Dores et déjà,   indique t-il, les conflits fonciers font partie des affaires qui occupent les juges dans la zone. Citant des  sources judiciaires, le spécialiste des questions foncière, révèle que  rien que pour l’année 2010, le tribunal de Matamèye a connu et documenté 36 conflits dont 20 pour le seul village de Birgi Saboua, dans la commune rurale de Kourni au sud du département. En moyenne, souligne t-il,  ce sont 720 conflits qui polluent chaque année la vie des communautés du département. Soit un taux de prévalence d’au moins deux (2) conflits par jour.

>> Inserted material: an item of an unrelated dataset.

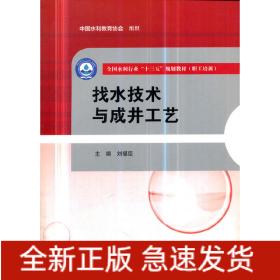 找水技術(shù)與成井工藝（全國水利行業(yè)“十三五”規(guī)劃教材（職工培訓(xùn)））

Ajouté à d’autres facteurs, le problème d’insuffisance des terres agricoles  contribue à aggraver également la situation de déficits chroniques que connait la région de Zinder  sur le plan agricole et même pastoral.

À l’issue de la campagne agricole 2015, ce sont 1254 villages qui ont été déclarés déficitaires à plus de 50%, pour une population totale de 1 026 704 habitants. Du coup, sur le plan  nutritionnel, la région a affiché un taux de Malnutrition Aigue Globale (MAG) de 18%. En plus, la région doit faire face aux besoins de réinsertion socioéconomique des migrants rapatriés d’Algérie, estimés à 9 833 personnes, dont 3 312 mineurs. Soit 6 470 ménages en mai 2016. Dans leur majorité, ces migrants seraient des ressortissants du département de Kantché. Pour le cas de ce département, classé depuis 2013 zone d’insécurité alimentaire par le Système d‘Alerte Précoce (SAP), Abdoulkarim Mamalo  indique que cette zone, qui connait une très forte pression démographique et est en proie, de façon récurrente, à des crises alimentaires et nutritionnelles.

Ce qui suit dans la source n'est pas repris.